FLINT, Mich. — A few hours before Donald Trump’s plane landed, 20 minutes south of where he would speak, people gathered outside the Flint Assembly Plant to take a peek into the past. Some of them were retired, reuniting with friends. All of them remembered how there used to be more to the place.
“I worked at Plant 36,” said Jerry Hubbard, who retired in 2001, after outlasting his part of the vast “Buick City” complex that was dismantled as the auto jobs left. “It’s all gone. It’s all limestone. You can’t rape a place like that. General Motors jobs made this place.”
Only one presidential candidate seemed to care: Donald Trump. “A lot of what he says hits a chord with me,” said Hubbard. “Immigration and jobs going to China — this area’s really suffered from that. I just like somebody that stands up for what he speaks about.”
Trump’s rise and persistence as a presidential candidate has been credited to name recognition, to voter anger and to a specific contempt for the Republican Party establishment. But he is also the candidate talking most directly about the loss of manufacturing jobs to foreign countries.

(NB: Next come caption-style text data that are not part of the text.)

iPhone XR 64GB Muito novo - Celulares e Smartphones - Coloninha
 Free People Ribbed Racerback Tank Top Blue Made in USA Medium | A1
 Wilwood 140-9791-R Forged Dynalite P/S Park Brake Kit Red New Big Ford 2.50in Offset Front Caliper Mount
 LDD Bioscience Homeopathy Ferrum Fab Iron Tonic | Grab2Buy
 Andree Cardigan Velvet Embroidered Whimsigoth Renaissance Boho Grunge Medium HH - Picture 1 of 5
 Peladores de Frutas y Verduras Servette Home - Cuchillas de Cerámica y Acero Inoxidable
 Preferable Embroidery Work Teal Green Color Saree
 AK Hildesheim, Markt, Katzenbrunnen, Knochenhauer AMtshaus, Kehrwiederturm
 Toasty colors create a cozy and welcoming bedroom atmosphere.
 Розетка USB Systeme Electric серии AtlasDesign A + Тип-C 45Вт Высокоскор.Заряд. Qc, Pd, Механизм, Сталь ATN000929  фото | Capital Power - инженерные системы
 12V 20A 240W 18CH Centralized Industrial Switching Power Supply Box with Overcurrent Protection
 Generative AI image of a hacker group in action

In the Democratic race, Sen. Bernie Sanders (I-Vt.) has adopted a similar theme, but Trump’s appeal here captured something that went beyond policy: a brew of impossible nostalgia coupled with a pledge to destroy other countries, most notably China, in negotiations. On Twitter, “Make America Great Again” is a goofy, meme-ready slogan, best displayed on ironic hats. There are places, such as Michigan, where it makes real sense.
That was on full display at a rollicking news conference and campaign rally where Trump again and again attacked “stupid” American leaders who were buffaloed by “cunning” Mexican and Chinese politicians.
Flint and Saginaw, the cities south and north of Trump’s speech on Tuesday, had voted for Democrats — Democrats who were trying to bring new businesses and infrastructure on the brownfields abandoned by big employers. And then came Trump, promising the moon and stars.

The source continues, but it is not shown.